Alluring as the idea of a shopping weekend in Sydney might be, for many of us the notion of such a dedicated shopping trip is starting to weigh a bit too heavily on the conscience. We can no longer ignore the carbon footprint of such a self-indulgent flight, the questionable origins of mass-produced items and the unpleasant afterthought that we’re contributing to the world’s overflowing landfills. Not to mention the severe pounding such a trip can give the credit cards.
Fortunately, here in New Zealand we’re blessed with a fantastic feel-good alternative to the standard shopping trip: the vintage tiki tour. As an itinerant op shopper and vintage fan, I’ve scoured flea markets in Poland, vintage boutiques in Paris, and Oxfam shops in London. After a year spent exploring New Zealand I’m now of the opinion that some of the world’s best vintage shopping is to be found here in the land of the long white cloud.
In this petite pair of remote islands, clothes, furniture and household items were traditionally made to last and fastidiously cared for so they could be passed on to the next generation. Before the 1980s, we weren’t flooded with cheap imported goods. What we lacked in new consumer products, we made up for with a good old Kiwi make-do-and-mend mentality.
What’s also become apparent to me during my time in this country is the lack of stigma attached to ageing or second-hand goods. Perhaps it’s because of New Zealand’s relatively young history, but items that have been in the family for yonks or that have a good story behind them are more likely to be cherished than not.
In Asia, second-hand stores are a rarity because new, mass-produced items are so cheap and readily available. In Eastern Europe, the austere economic climate of much of the last century meant that few fashionable clothes and household goods were produced during the 1950s, 60s and 70s, and today the concept of ‘vintage’ being remotely desirable has yet to take hold.

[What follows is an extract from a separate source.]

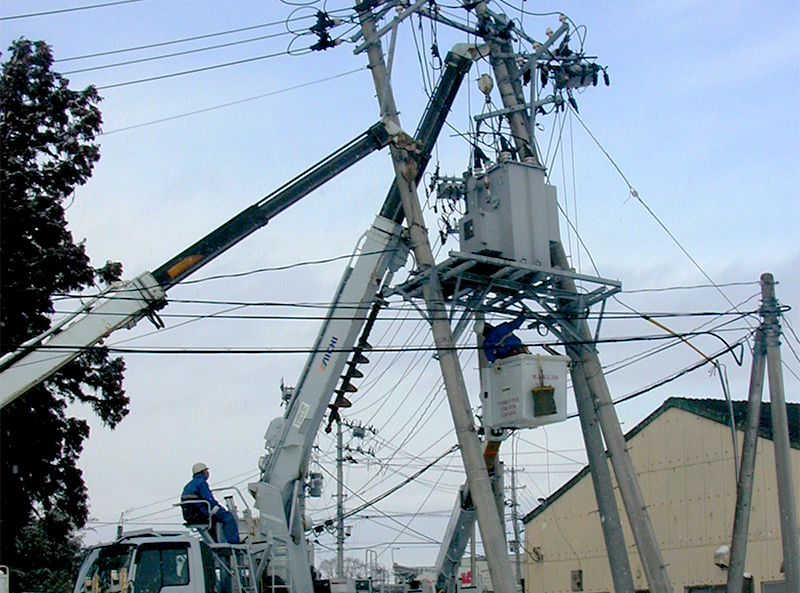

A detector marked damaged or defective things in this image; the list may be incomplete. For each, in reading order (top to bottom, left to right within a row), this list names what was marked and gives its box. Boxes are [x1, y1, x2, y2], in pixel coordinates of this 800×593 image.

leaning damaged pole [356, 4, 520, 592]
leaning damaged pole [764, 272, 800, 592]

New Zealand, by contrast, has a venerable tradition of second-hand shops. This may have been born of necessity, but these days retro furniture, Kiwiana artwork and vintage fashion are the height of cool. Second-hand stores are increasingly being rebranded as antique, retro, collectables and vintage boutiques, and are multiplying in fashionable urban hubs.
Rich pickings are still to be had in the second-hand scene. But, as every antiques buff, vintage queen and art hunter knows, to snag a real find you need to venture further afield, away from the eagle eyes of Auckland’s fashionistas or Wellington’s hip art students. It’s the out of the way, tourist-free corners of New Zealand where you’ll find the 1950s Dior day dress, the collection of macramé owls, or that quaint handmade patchwork quilt – and still at bargain prices.
This winter, why not gather together a few girlfriends and set off on a guilt-free shopping tiki tour of your own? Chances are, you’ll come home with a slice of history and change to spare.
– Anna Hart
On the trail
Decide what you’re planning to collect and then just get out there, says antiques expert Ross Millar. Have fun – the worst mistake you can make is to not stop the car and enjoy looking around. Here are seven more tips to get started:
• Repeat visits are the key to getting the most from second-hand hunting. You’ll soon get an idea of which shops stock collectables that interest you. But don’t despair if there’s nothing you want in any one visit. Next week the stock could have all changed.
• Your best ally is the shop owner. Let owners know what you’re after and then they can call you if they get new stock that might appeal. Second-hand shop owners are small businesses and they know the best way for them to survive is to communicate with their customers.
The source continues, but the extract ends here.